Acquired 11q23/MLL rearrangement of unknown clinical significance

Guilin Tang 1, Carlos E Bueso-Ramos 1, Shaoying Li 1, L Jeffrey Medeiros 1, Sa A Wang 1
PMCID: PMC6965386  PMID: 31966776

Abstract

Newly emerged 11q23/MLL rearrangements in patients with a prior history of cytotoxic therapies are almost always associated with therapy-related hematological malignancies. Here we report a patient who had received various chemotherapies for his chronic lymphocytic leukemia (CLL). An abnormal clone of t(3;11)(p13;q23) was detected in 7 out of 20 metaphases in the bone marrow (BM) in the 15th year of disease. MLL rearrangement was detected in myeloid and erythroid cells, not in CLL cells by combined morphologic and fluorescence in situ hybridization. BM showed no evidence of myelodysplasia or increased blasts. Patient had been closely followed for 3 years, the abnormal clone was persistently detected but the patient had normal blood counts and normal BM examinations. This is the first case to show MLL rearrangement of unknown clinical significance in the setting of post cytotoxic chemotherapy.
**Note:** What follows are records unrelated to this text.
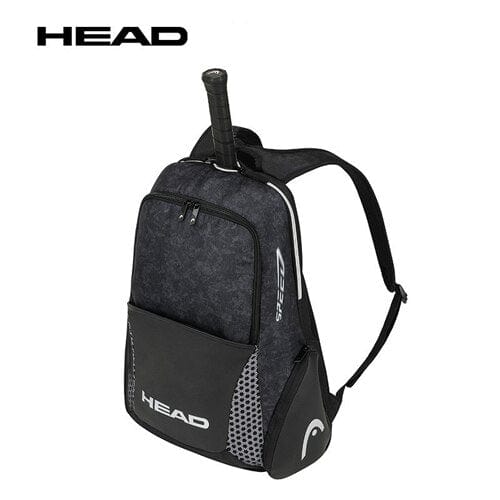 Genuine 2021 HEAD Tennis Backpack Djokovic Radical Rebe Tennis Bag Large Capacity 1-2 Tennis Rackets Storage Bag Grey Orange Bag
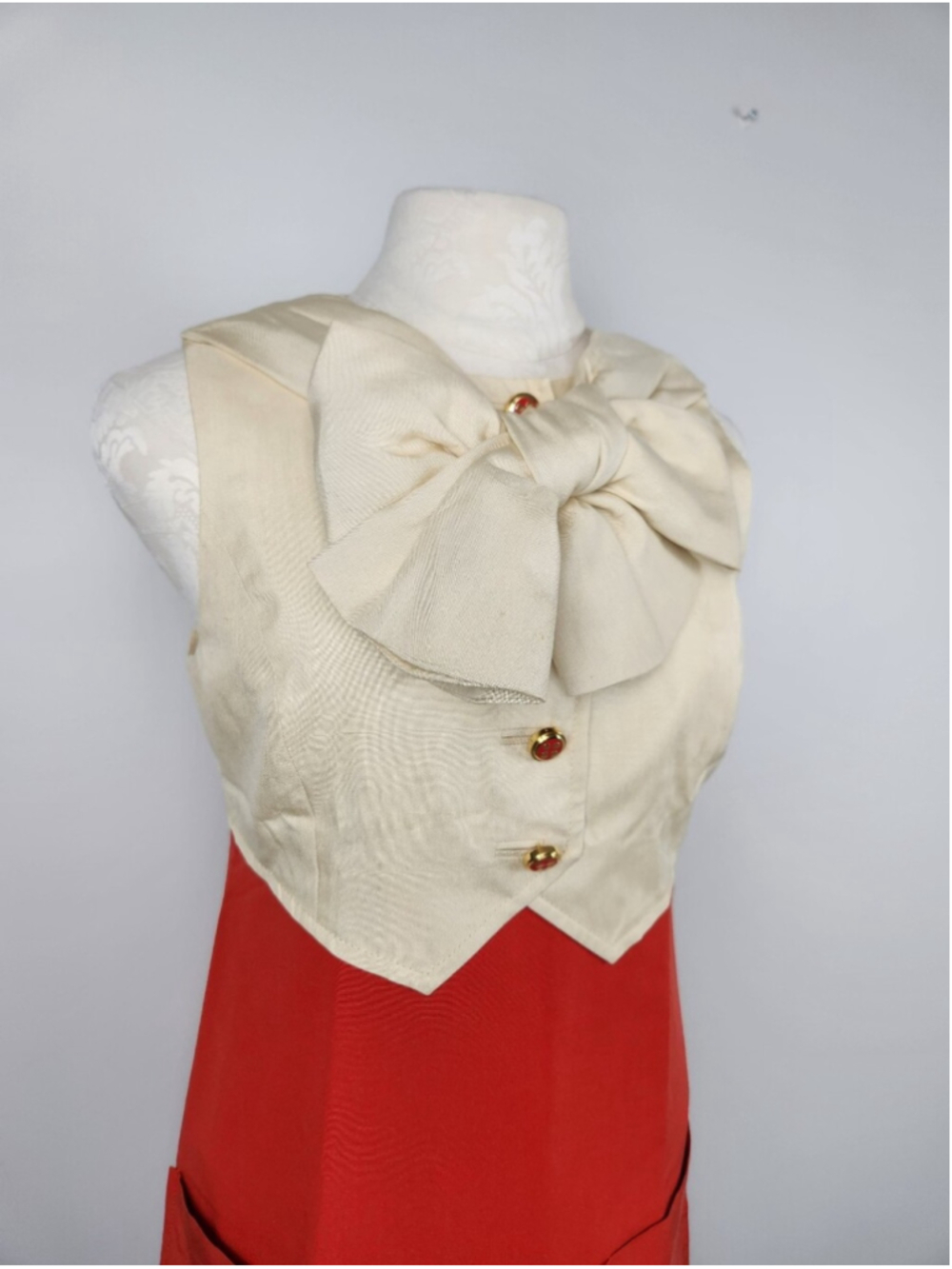 ASO Blair Waldorf Gossip Girl & Amanda Seyfried Bow Dress Sz 6 Preppy Collegiate - Picture 4 of 15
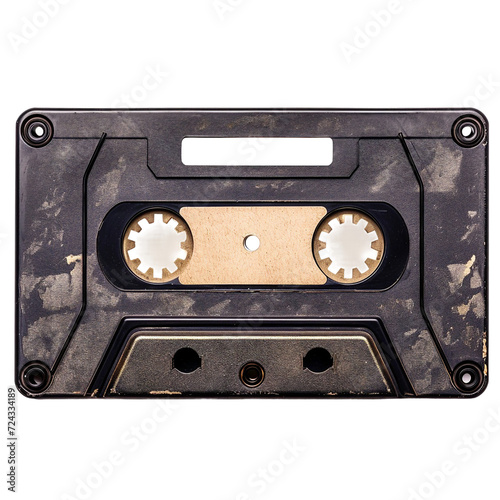 Cassette tape, isolated PNG object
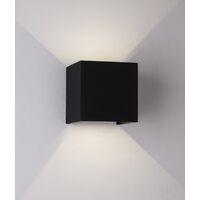 Outdoor Wall Light LED 6.8W 3000K Square Black IP54 CLA Lighting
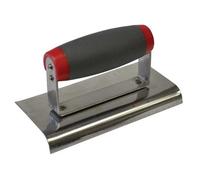 Faithfull Edging Trowel Soft Grip Handle 6 X 3In Multi Colour (150 X 75mm (6 X 3In))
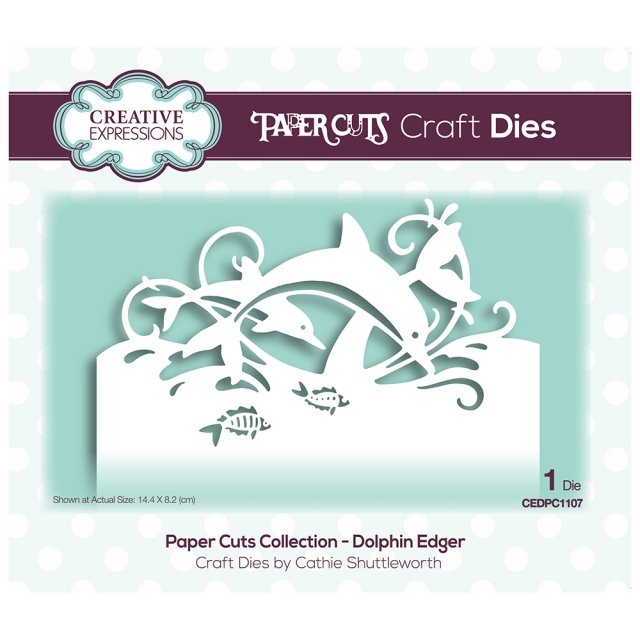 Paper Cuts Creative Expressions Craft Dies Paper Cuts Collection Dolphin Edger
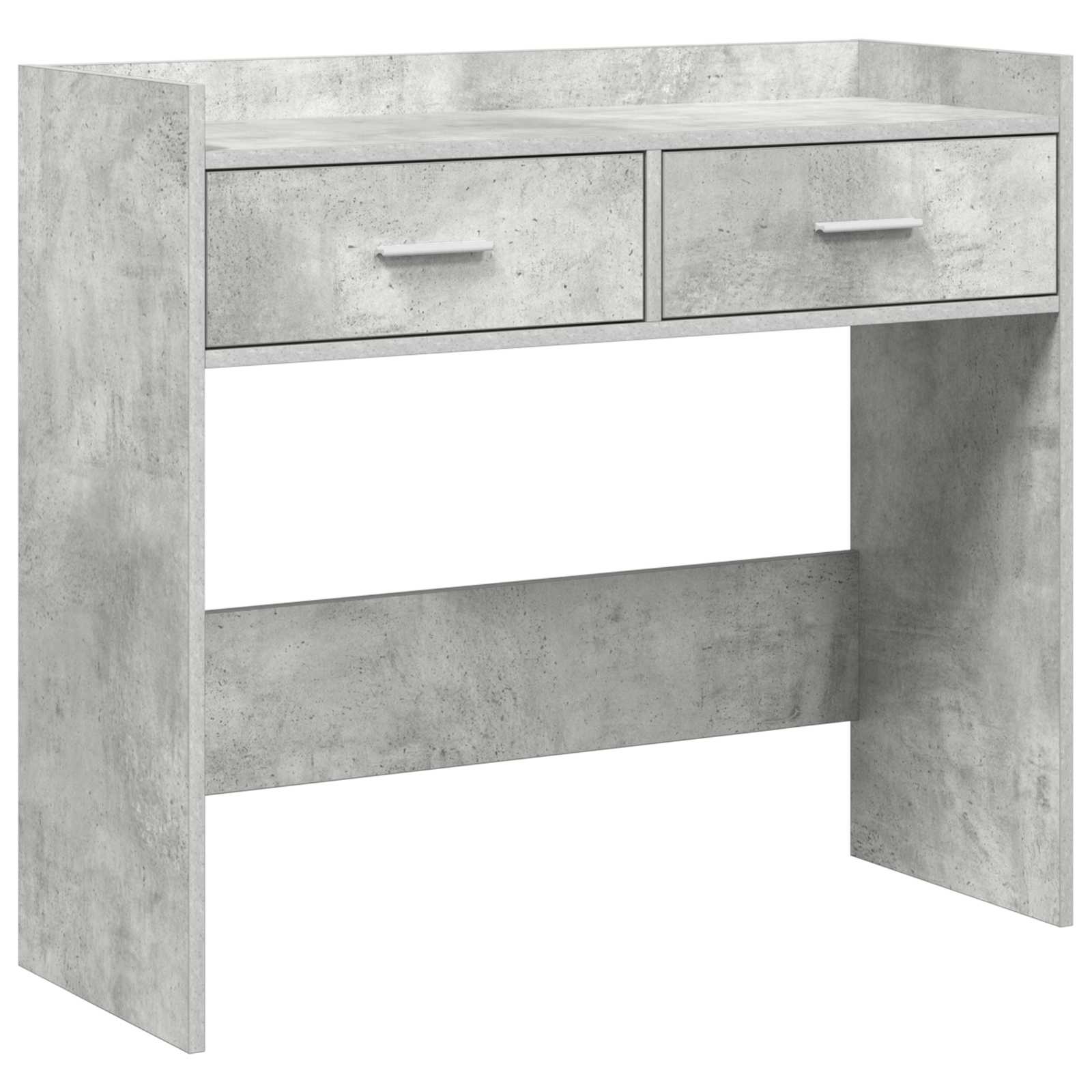Konsolbord Betongrå 90 x 35 x 80 cm Konstrueret træ
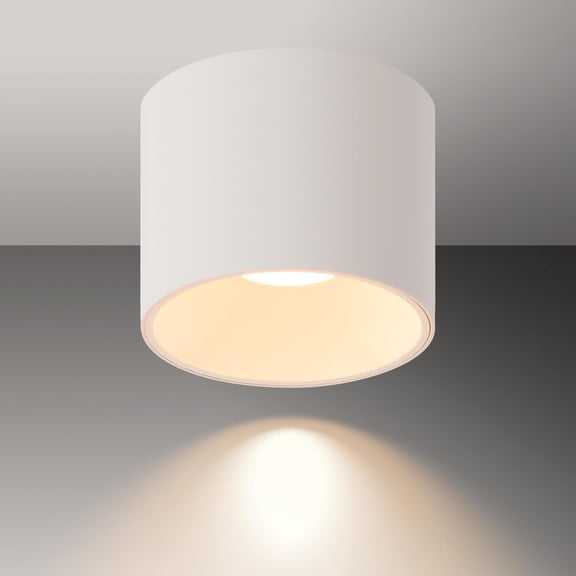 Dimmable LED Ceiling Spot Lights  Flush Mount Cylinder Light Indoor Fixture for Kitchen, Hallway & Entryway 4.72 CRI97 15W 3000K White (1Pack)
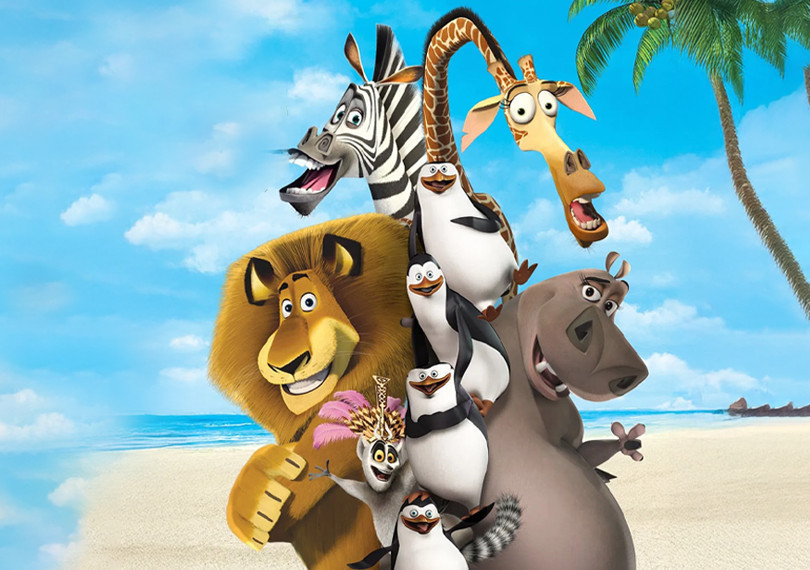 Screening of the animated film "Madagascar"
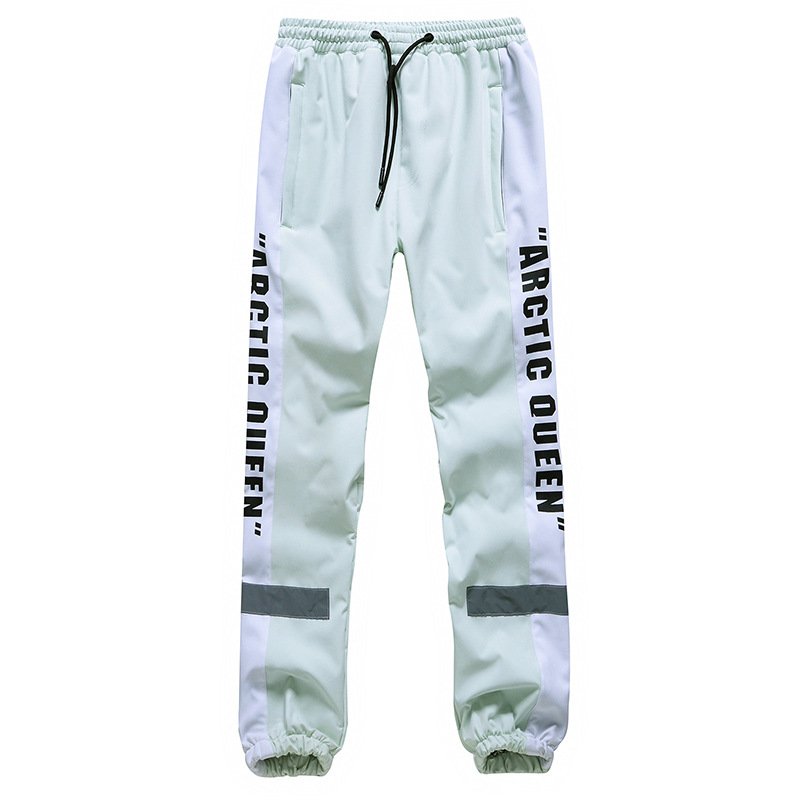 New skating pants for women, winter skiing pants for out-of-door couples, warm and thick with cotton pants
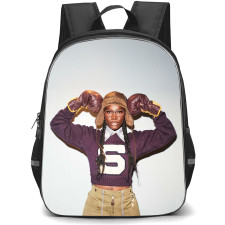 Deochii Backpack StudentPack - Doechii Boxing in S Sweater White Background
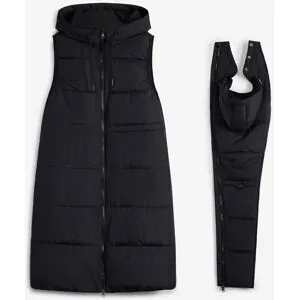 bonprix Lange 3-in-1 Umstandsweste mit Trageeinsatz (2-tlg Set)schwarz 38Damen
Keywords: MLL rearrangement, therapy-related hematological malignancy, unknown clinical significance

Introduction

Rearrangements of MLL (also known as KMT2A), located at chromosome 11q23, are often associated with acute myeloid leukemia (AML), B lymphoblastic leukemia (B-ALL), mixed phenotype acute leukemia, and less frequently with myelodysplastic syndromes (MDS) [1]. The translocation partners for 11q23 are diverse, with over 70 MLL partner genes identified [1-3]. t(9;11)/MLL-AF9, t(4;11)/MLL-AF4, t(11;19)/MLL-ENL, t(11;19)/MLL-ELL, t(6;11)/MLL-AF6, t(10;11)/MLL-AF10, are the most common translocations and partner genes, representing >80% of all MLL rearrangements [4].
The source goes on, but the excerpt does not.